Up to ArcGIS 9.3 Esri hosted an Authorized Training Program, allowing third parties to use company materials to train students, typically in two or three day long classes. Acheiving that status required candidates to pass an Esri-taught “train the trainer” course among other things. Instructors could teach:
- ArcGIS Desktop
- ArcGIS Spatial Analyst
- Geoprocessing Scripts
- Programming ArcObjects
- ArcGIS Server
in recent years Esri updated the program to the Certified Trainer Progam (CTP) which limited teaching to ArcGIS Desktop (I, II, III). The requirements are far tougher and include both certification via Esri’s new tests as well and a teaching credential.
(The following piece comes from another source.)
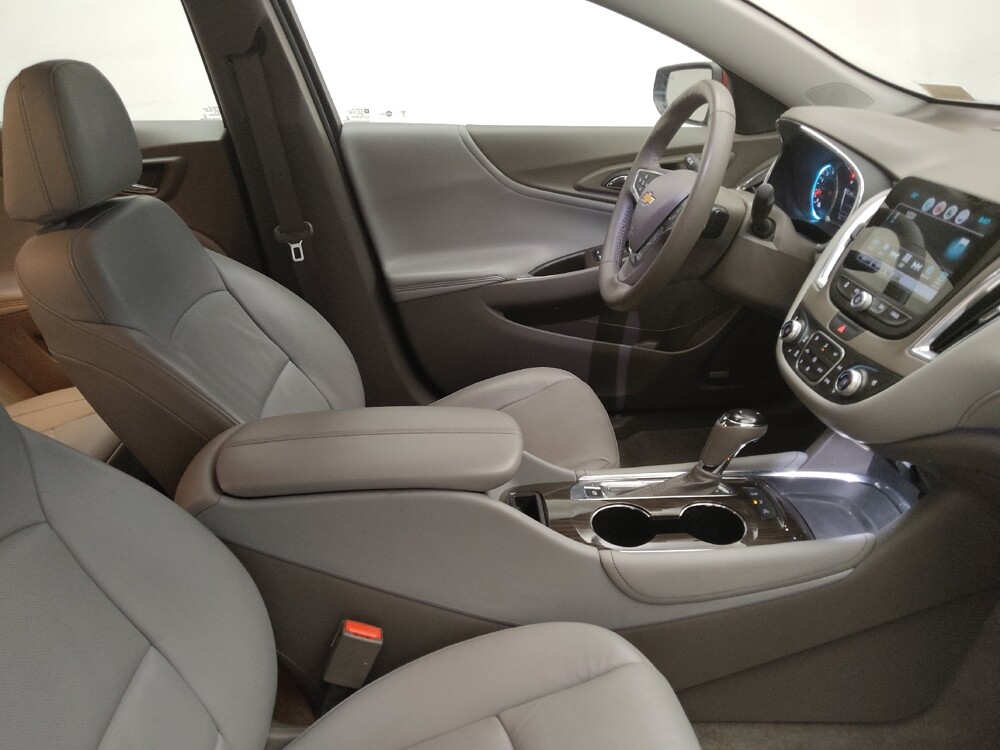 2018 Chevrolet Malibu in Midlothian, IL 60445 - 18126231 21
One CTP posted that costs for the current certification ran to nearly $6000. This burden, and the change in demand have clearly impacted the number of trainers. At this time, for example, there are no ArcGIS 10 certified trainers in my state.
Letters to current Esri Certified Trainers went out in early November to explain the planned shutdown of the CTP program. Esri provided this statement to Directions Media:
Esri is starting to phase out the Certified Training Program, but will continue to support it through ArcGIS 10.1. The reason for discontinuing the program is the declining interest in instructor-led training. Esri currently has about 70 certified instructors. We notified each instructor individually and then sent a follow-up email. Below is an excerpt from the email sent to instructors in the program:
We have found that students are starting to lean towards more on demand learning and less instructor-led training. With this and the economy, we’ve seen a continual decline in the number of students being taught by both Esri and our authorized/certified trainers. As you can imagine, the business needs are not what they were when the program was first created.
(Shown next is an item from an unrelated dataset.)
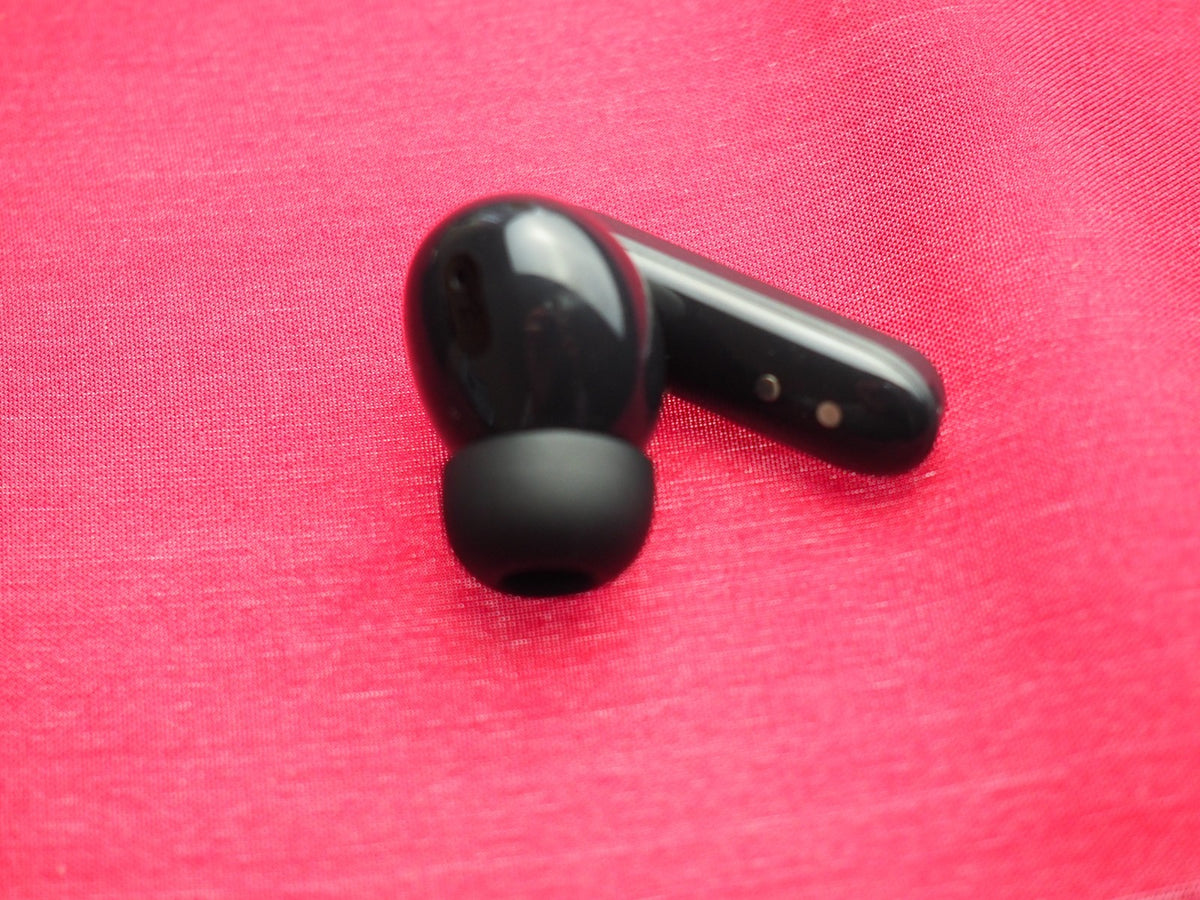 CMF Buds Pro Right Bluetooth earbud Only & Working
Therefore, we’ve decided that the Certified Training Program will only support certified trainers through version 10.1. We will allow folks to upgrade to support their students on version 10.1. However, once existing certified trainers have upgraded to teach version 10.1, the program will move into maintenance mode.
Clearly, the economy, the nature of software training, and the relationships between Esri and its many different kinds of partners have changed in recent years. I hope those impacted by the change find ways to continue to make a living using the passion they have for GIS and their skills as both trainers and educators.